0

I am new to R, and want to compare 2 strings(addresses) where

  1. Word order could be different, other than numbers. (Consecutive numbers need to be in same order)

  2. Words could be at times in short form, eg street could be st., North West could be North W.

  3. 1 string could contain a word or 2 extra(rest of the words would be same)

  4. There sometimes could be space in a word in 1 of the srings eg Pitampura -> Pitam pura.

    eg

S1 = QU 23/24 Shalimar Bagh, Pitampura, Street no. 22, delhi

S2 = QU Flat 23/24 Pitam Pura, St. No. 22, Shalimar Bagh, Delhi

So far, I have removed the special characters, whitespaces, redundant words in the address.

Would a distance formula like cosine or levenshtein distance, be a good choice. If yes, how to apply the same in R without using any package.

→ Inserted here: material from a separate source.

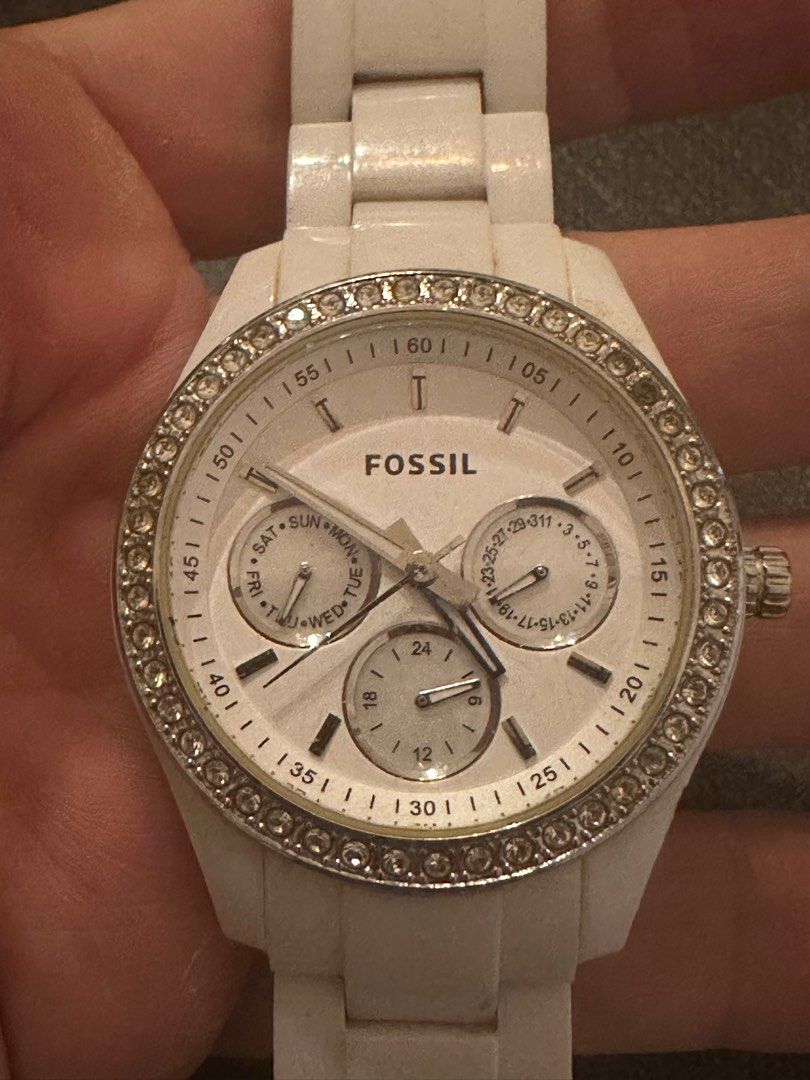 Fossil Women s ES1967 Stella Day Date Display Quartz White Dial Watch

Don't have liberty to install any external package.

Thanks in advance.

Community
  • 1
  • 1
Aditya Kuls
  • 115
  • 1
  • 7
  • Condition number 4 can be relaxed, if not implementable with ease. Also, solution in any other language (eg. Python) is also welcomed. – Aditya Kuls Apr 18 '18 at 04:39

1 Answers1

1

Not a direct answer but an idea: you could calculate a score of the splitted lowercase words which occur in the other vector and establish some kind of threshold. In R this could be:

S1 <- "QU 23/24 Shalimar Bagh, Pitampura, Street no. 22, delhi"
lcwords1 <- tolower(unlist(strsplit(S1, " ")))

S2 <- "QU Flat 23/24 Pitam Pura, St. No. 22, Shalimar Bagh, Delhi"
lcwords2 <- tolower(unlist(strsplit(S2, " ")))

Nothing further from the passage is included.